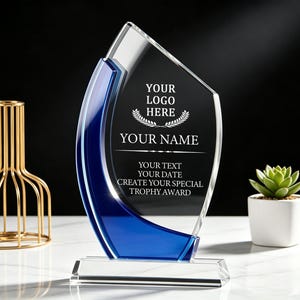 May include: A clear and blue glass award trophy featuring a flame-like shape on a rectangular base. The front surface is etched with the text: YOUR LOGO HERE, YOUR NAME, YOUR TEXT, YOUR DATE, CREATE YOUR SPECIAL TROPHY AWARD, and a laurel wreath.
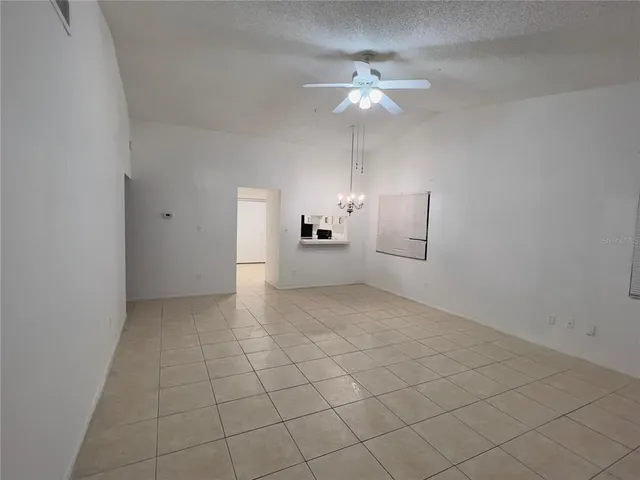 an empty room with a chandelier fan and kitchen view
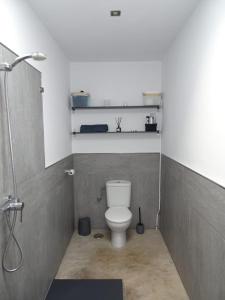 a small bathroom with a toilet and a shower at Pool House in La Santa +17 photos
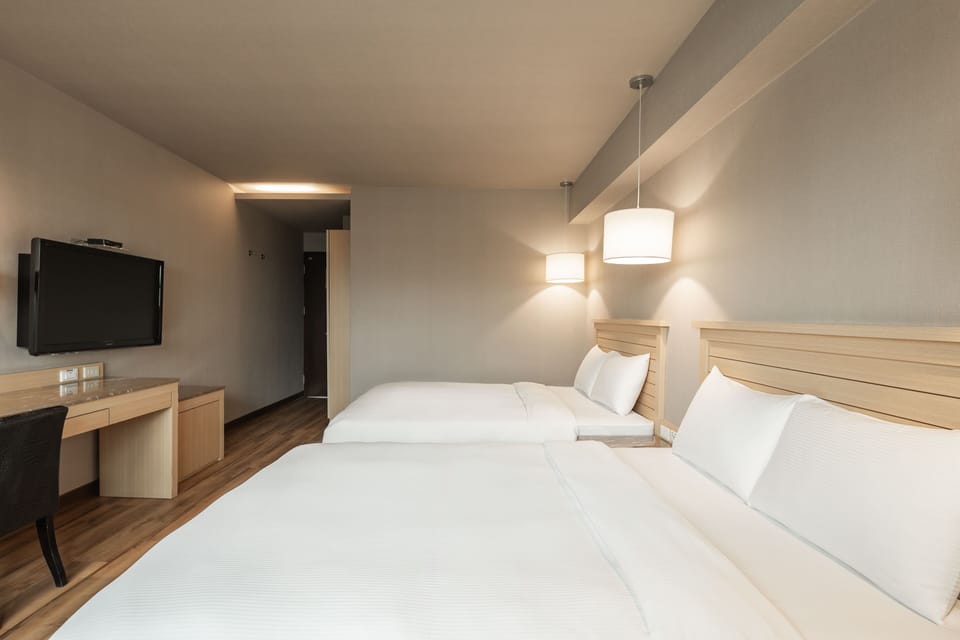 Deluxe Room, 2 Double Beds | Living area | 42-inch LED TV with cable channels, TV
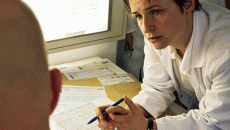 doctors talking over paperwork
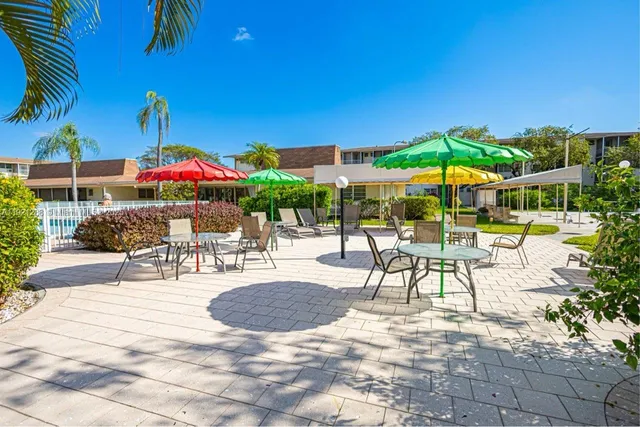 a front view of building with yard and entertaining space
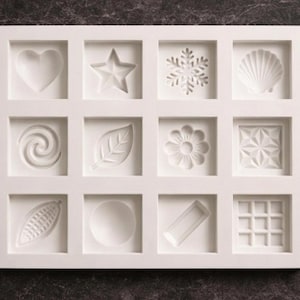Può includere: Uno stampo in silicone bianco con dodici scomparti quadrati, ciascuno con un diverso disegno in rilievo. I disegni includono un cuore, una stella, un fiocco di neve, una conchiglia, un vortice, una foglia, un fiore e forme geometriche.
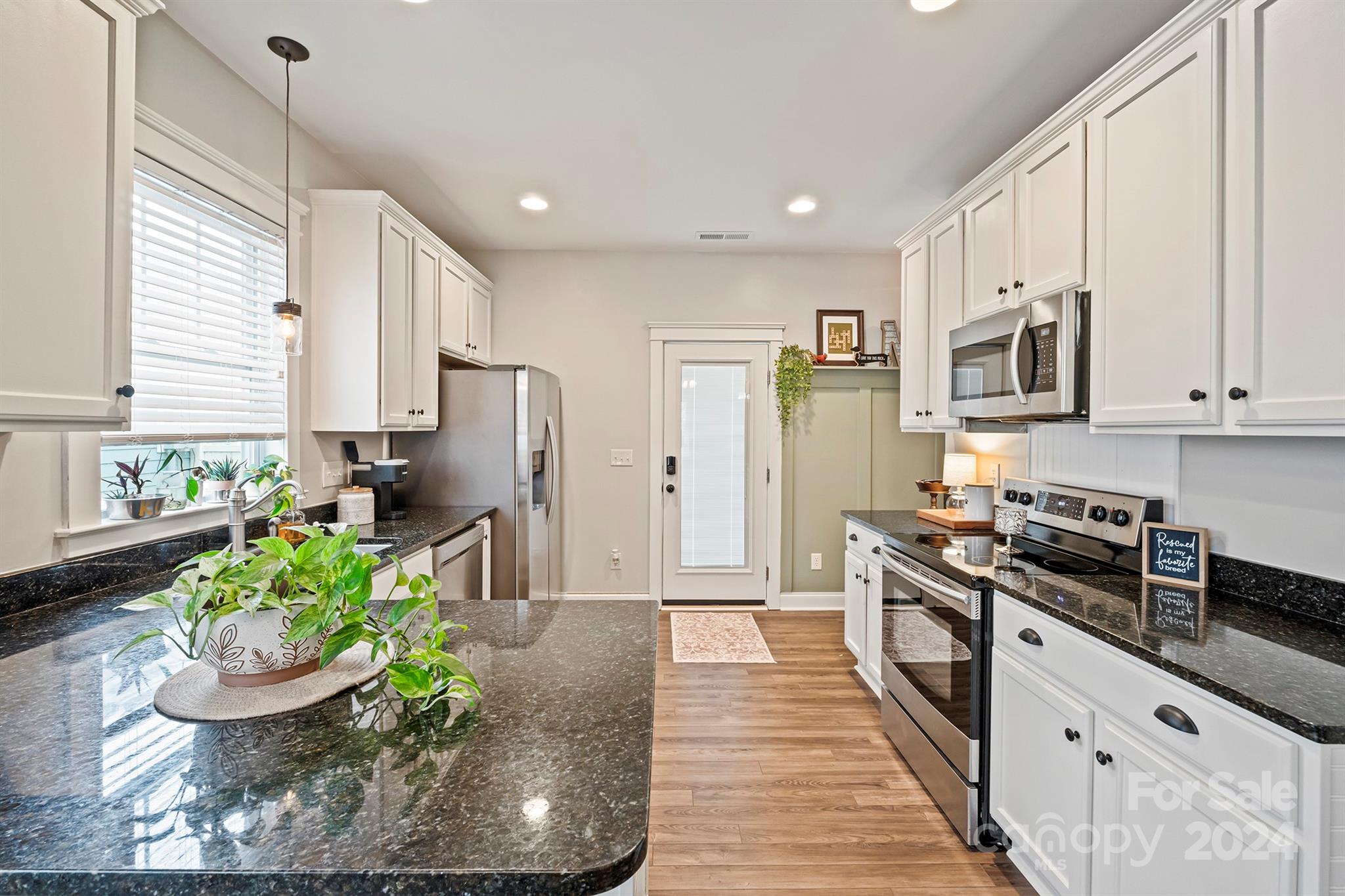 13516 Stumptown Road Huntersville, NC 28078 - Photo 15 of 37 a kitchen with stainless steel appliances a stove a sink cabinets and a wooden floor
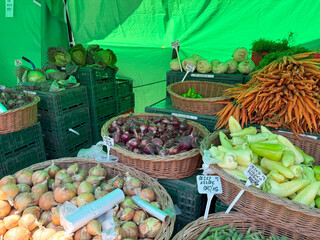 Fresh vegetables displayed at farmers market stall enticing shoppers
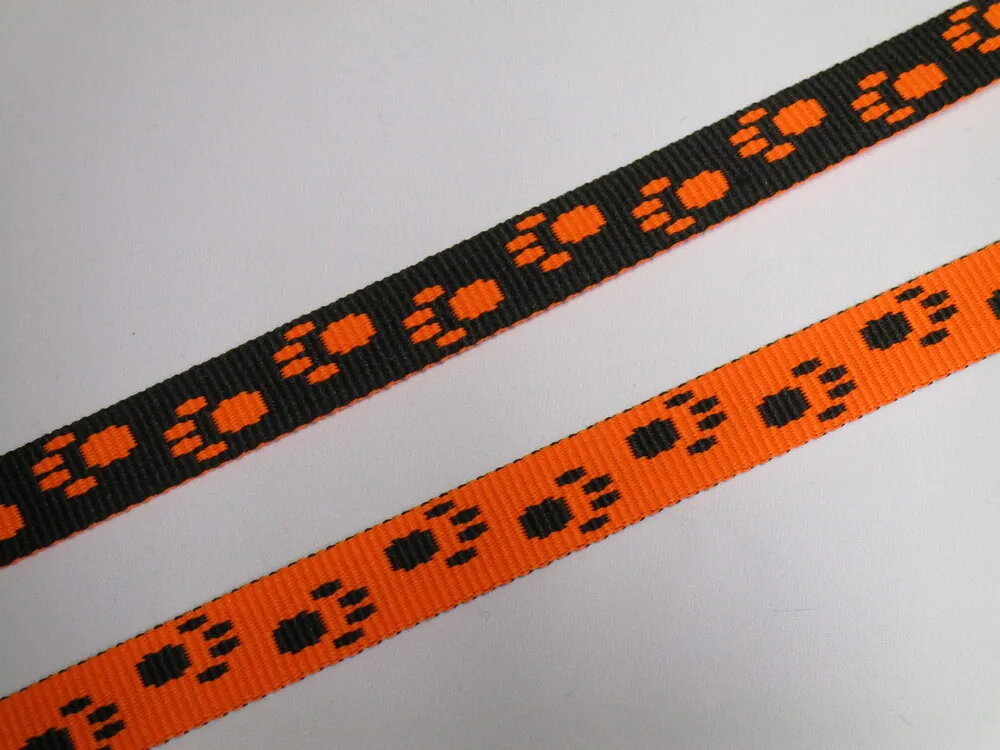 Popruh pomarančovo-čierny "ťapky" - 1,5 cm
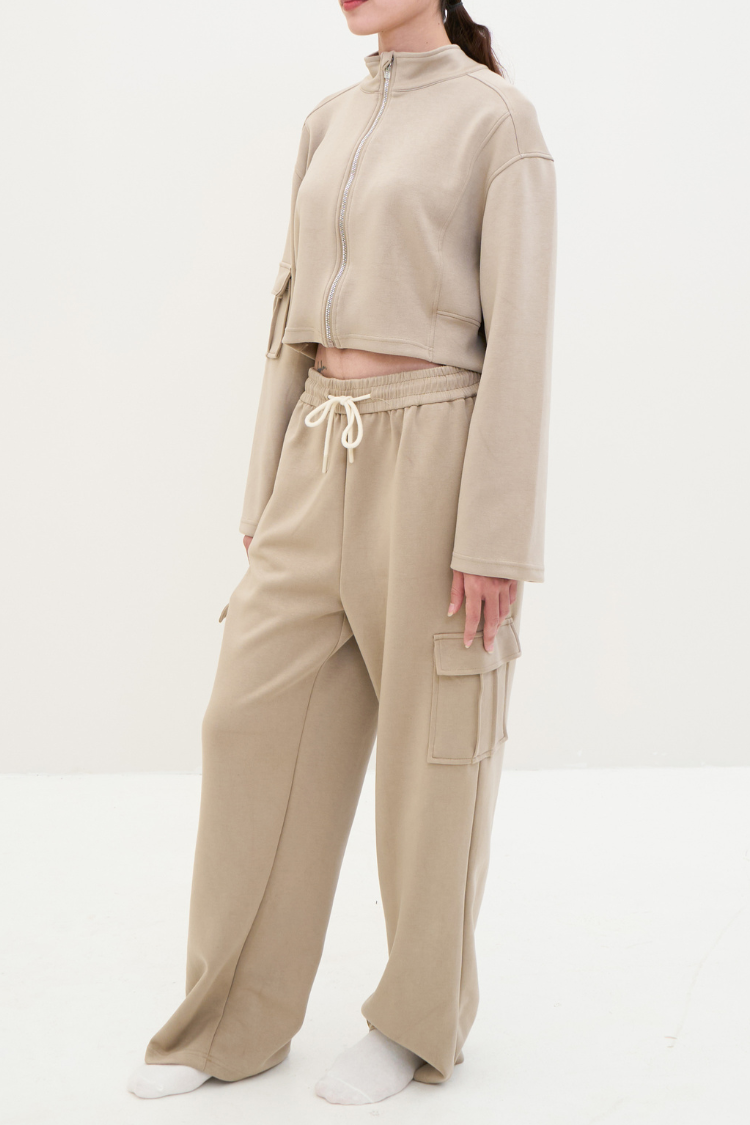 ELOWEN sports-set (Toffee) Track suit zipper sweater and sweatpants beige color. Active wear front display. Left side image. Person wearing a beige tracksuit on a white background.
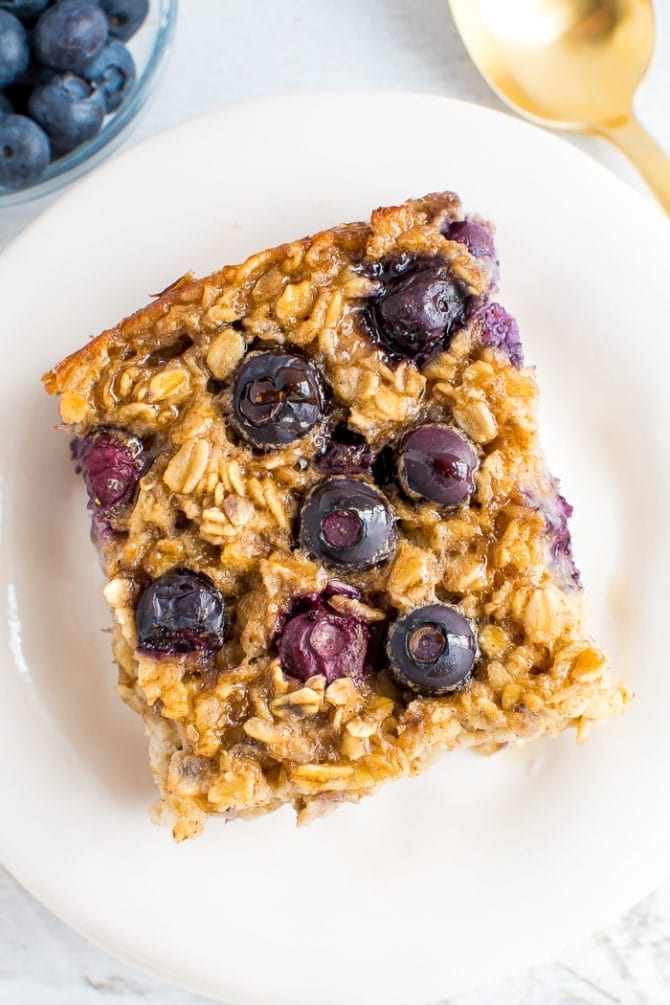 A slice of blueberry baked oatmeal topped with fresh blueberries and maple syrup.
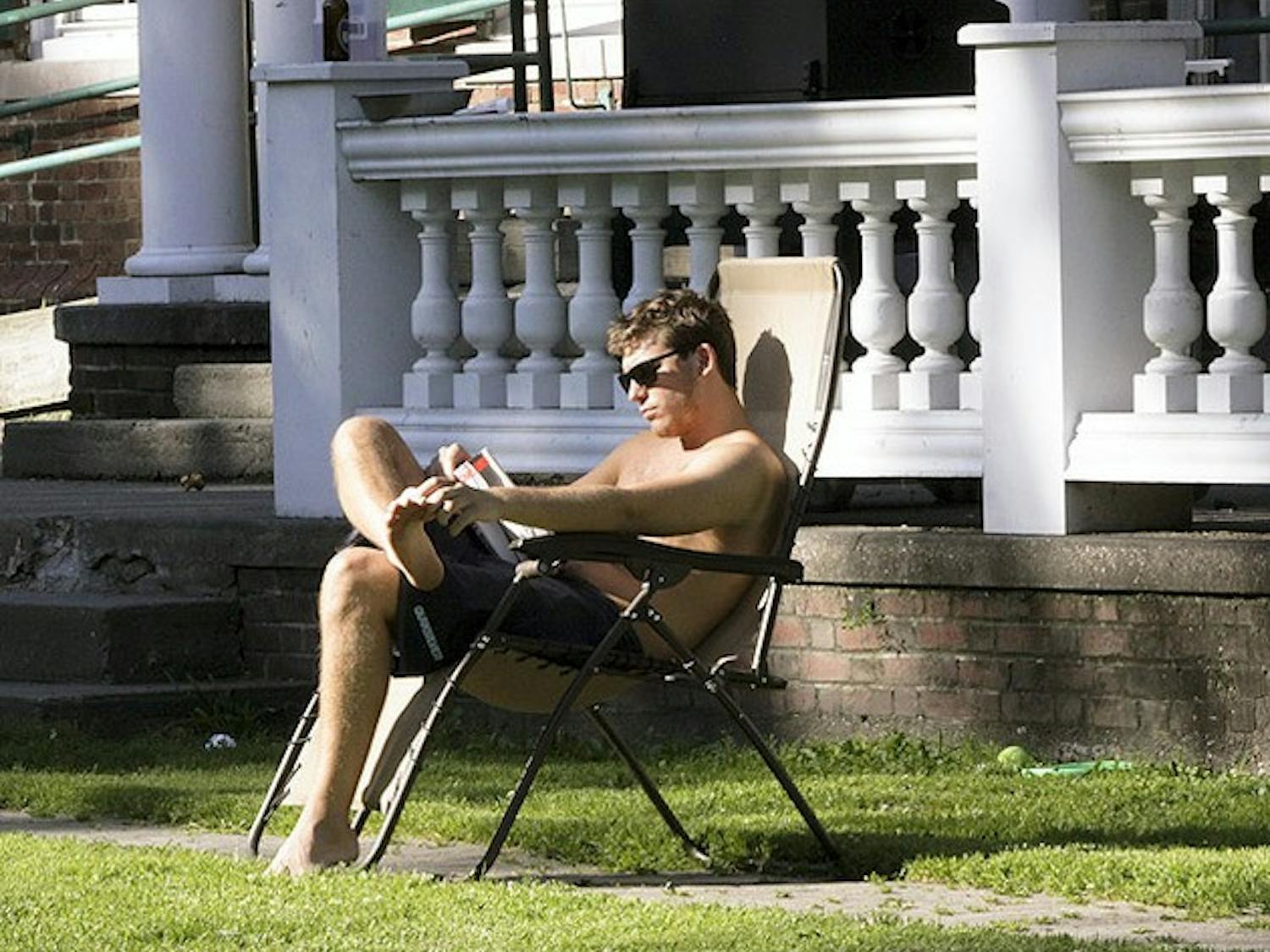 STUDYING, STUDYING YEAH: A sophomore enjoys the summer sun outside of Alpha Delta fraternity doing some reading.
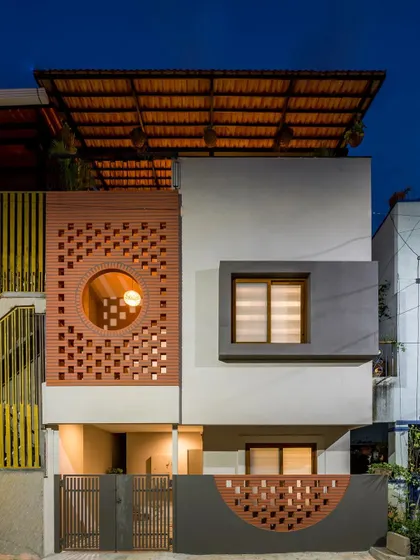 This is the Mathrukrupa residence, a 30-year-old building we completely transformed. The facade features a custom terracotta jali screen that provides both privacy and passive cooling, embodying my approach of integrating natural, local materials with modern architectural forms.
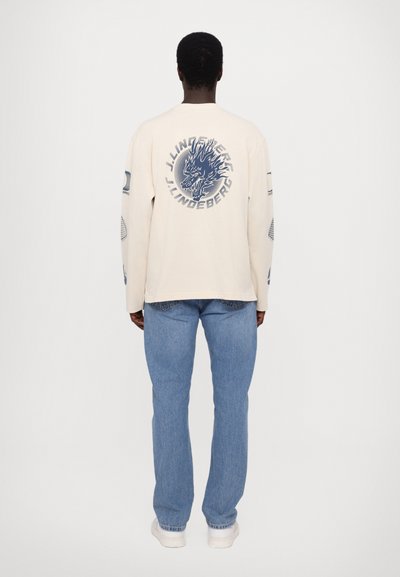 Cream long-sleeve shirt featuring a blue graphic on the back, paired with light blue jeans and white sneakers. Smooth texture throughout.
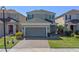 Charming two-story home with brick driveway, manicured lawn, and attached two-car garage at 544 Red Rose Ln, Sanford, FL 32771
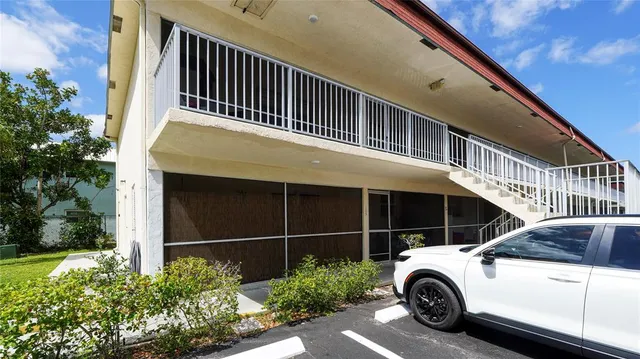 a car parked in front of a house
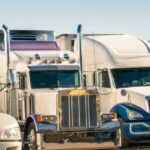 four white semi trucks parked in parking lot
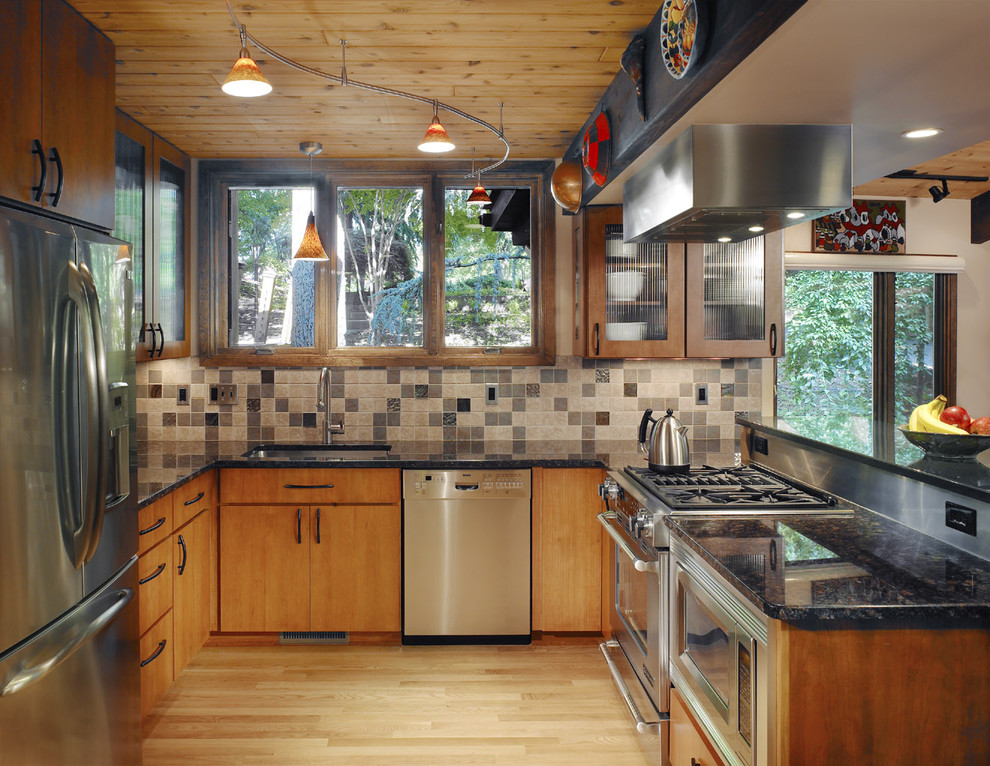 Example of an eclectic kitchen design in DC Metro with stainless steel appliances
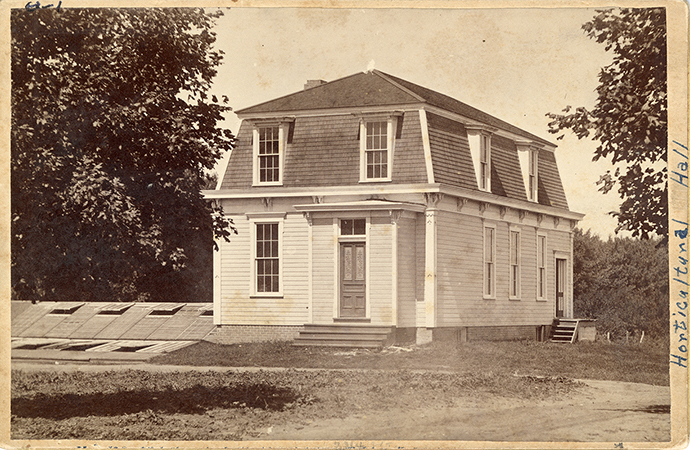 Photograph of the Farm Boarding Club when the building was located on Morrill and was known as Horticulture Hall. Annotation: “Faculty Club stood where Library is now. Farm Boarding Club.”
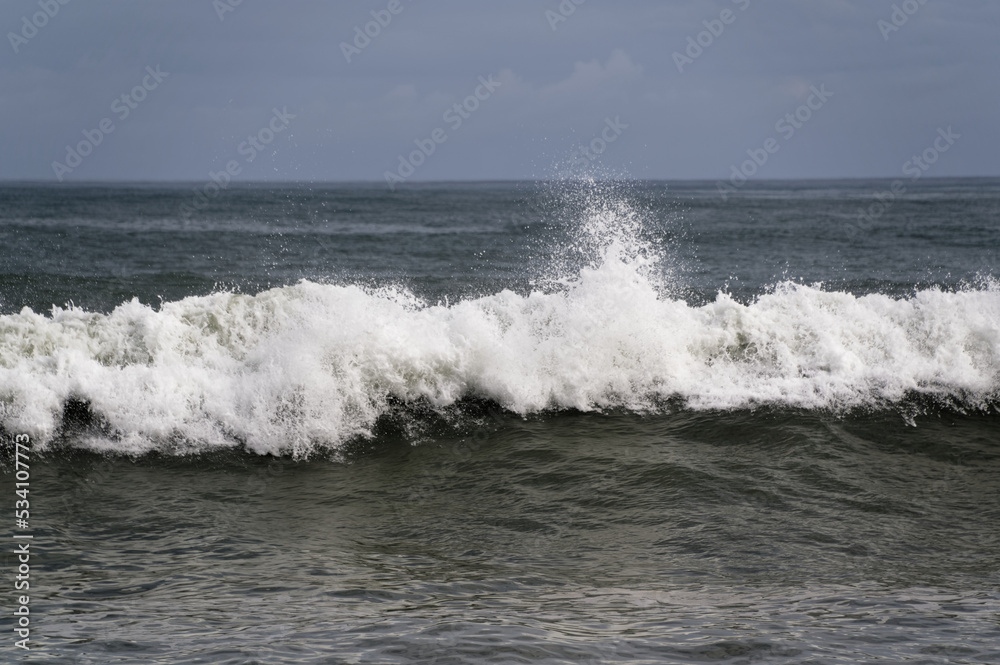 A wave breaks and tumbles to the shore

****************

__PROBLEM STATEMENT__. Would you write out exactly the lines of the data from the one holding "Charming two-story home" to the final line, both included, with pictures left out?

__ANSWER BELOW__.
 Charming two-story home with brick driveway, manicured lawn, and attached two-car garage at 544 Red Rose Ln, Sanford, FL 32771
 a car parked in front of a house
 four white semi trucks parked in parking lot
 Example of an eclectic kitchen design in DC Metro with stainless steel appliances
 Photograph of the Farm Boarding Club when the building was located on Morrill and was known as Horticulture Hall. Annotation: “Faculty Club stood where Library is now. Farm Boarding Club.”
 A wave breaks and tumbles to the shore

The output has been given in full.